私は19歳のときに家を出て、親の問題は解決したと思っていました。
私にとっては、終わった過去でした。
しかし、私が40歳で結婚、離婚、殺されるような恐怖を感じて人生に追いつめられて、自分の考え方、自分自身、自分の過去と向き合うことになりました。

ホームページを見つけて

自分のトラウマを探した結果、三重県にある精神障がいのある「親&子どものサポートを考える会」とNPO法人「ぷるすあるは」のホームページにたどり着き、子どもの会や子どものためのホームページができたんだと驚きました。

ホームページを見て、自分に似ていると気づきました。
精神疾患の親と暮らした体験と今起きていることがつながっているのかもしれないと思いました。
役所にも相談したのですが、(その当時)全国に子どもの会が三重県にしかないと聞いて、三重県と離れた地域に住んでいましたので、悩んでいました。
自分で子どもの会を作ることにしました。

会の代表をするので、三重県の会に一度は行かなければいけないと思い、三重県の会に参加しました。
同じ子どもの立場の方と出会ったのは初めてでした。
そして、支援者の数が大人数でした。

変わったんだ!

私は実家を出て20年経っているので、「支援」という言葉も使ったことがあまりありませんでした。
今でもよくわかっていませんが、大学の先生達が研究という「支援」をしています。
こういう世界があったことに驚きました。
今まで支援というものに関わるとしたら、病院だったはずです。
それが大学の先生達が支援の中心になっていました。
そんな大きな体制があるということが、精神疾患の親をもつ子どもがあたりまえに支援される状況に変わったのだと感じさせてくれました。
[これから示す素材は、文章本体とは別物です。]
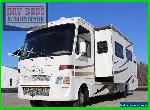 2008 Damon Motor Coach Daybreak for Sale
その三重県の会に参加したときは、東大阪市にあるオラシオンの辻本さんから、オラシオンで行っている訪問看護についてお話を聞く会でした。
訪問看護やアウトリーチ(訪問支援)など、聞いたことがない言葉でいっぱいでした。
精神疾患の親をもつ子どものアウトリーチに入った体験もお聞きしました。

世の中が新しい世界に変わったんだと思いました。
自分が動いてあきらめずに支援者を探せば、自分を助けてくれる人は見つかるだろうと思いました。
三重県の会「親&子どものサポートを考える会」やNPO法人「ぷるすあるは」のホームページに出会ったこと、三重県の会に参加して、子どもの立場の人と出会ったこと、多くの支援者に出会ったこと、辻本さんからお話を聞いたことが、「私も支援されていいんだ」と感じた体験でした。

対象でないと思っていた理由

では、なぜ支援の対象ではないと思っていたのかを考えます。
「支援」という言葉自体をあまり聞いたことがありませんでした。
幼いときから、「子どもは親を養うもの、一生子どもは親の面倒を見るもの」と言われてきて、特に疑問もありませんでした。
何を支援してもらうのかもわかりません。
母の症状が強かったのは、私が0歳から7歳くらいまでです。
幼すぎて、言われたこと、現状を受け入れることしかできなかったんだと思います。
誰かに支援されているから、私は今、生きていると思いますが、「助けられた」と感じた体験がなかったんだと思います。

 


孤立から ~きょうだいの立場 
著者:木村諭志(埼玉県立大学 保健医療福祉学部 看護学科 精神看護学 助教)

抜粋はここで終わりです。